Earlier in Kenosha, Mr Blake’s father, Jacob Blake Sr, gave an impassioned call for changing a system he described as fostering police brutality and racial inequities.

  • US Correspondent Robert Moore reports on the violent protests:

This video contains distressing images

“There were seven bullets put in my son’s back. Hell yeah, I’m mad,” Mr Blake Sr said.

“What gave (the police) the right to attempted murder on my child?

"What gave them the right to think that my son was an animal?

"What gave them the right to take something that was not theirs? I’m tired of this.”

Kenosha police officer Rusten Sheskey and two other officers were responding to a domestic abuse call last Sunday when Mr Sheskey shot Mr Blake in the back.

Mr Blake Sr told reporters on Saturday that his son is heavily sedated, but has regained consciousness.

A crowd of about 1,000 people gathered on Saturday Credit: Morry Gash/AP

“He’s in a lot of pain,” he said.

“I just wish I could pick my baby up and make it all right.”

He called for Mr Sheskey to be charged and for the other two officers at the scene to be fired.

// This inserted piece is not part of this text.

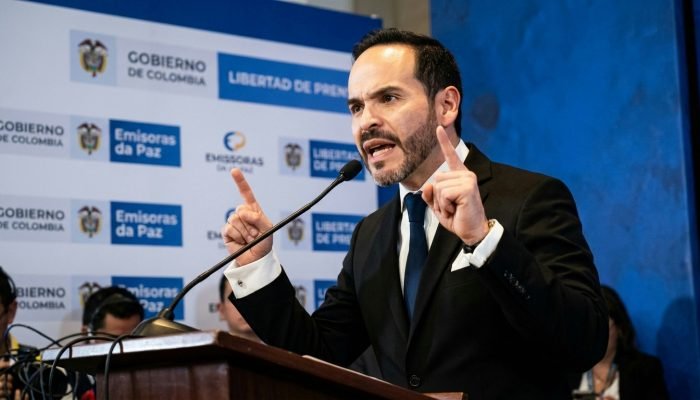 Governo Espriella encerra noticiários das Emissoras da Paz e gera críticas na Colômbia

Several of Saturday’s speakers encouraged the crowd to vote for change in November, and to push for changing legislation in Wisconsin that would lead to police reform.

One of Mr Blake’s sisters, Letetra Widman, said she felt recharged “to stand up not just for Jacob, but for all the people who have not gotten justice".

Captured on cellphone video, the shooting sparked new protests against racial injustice and police brutality months after George Floyd’s death touched off a wider reckoning on race.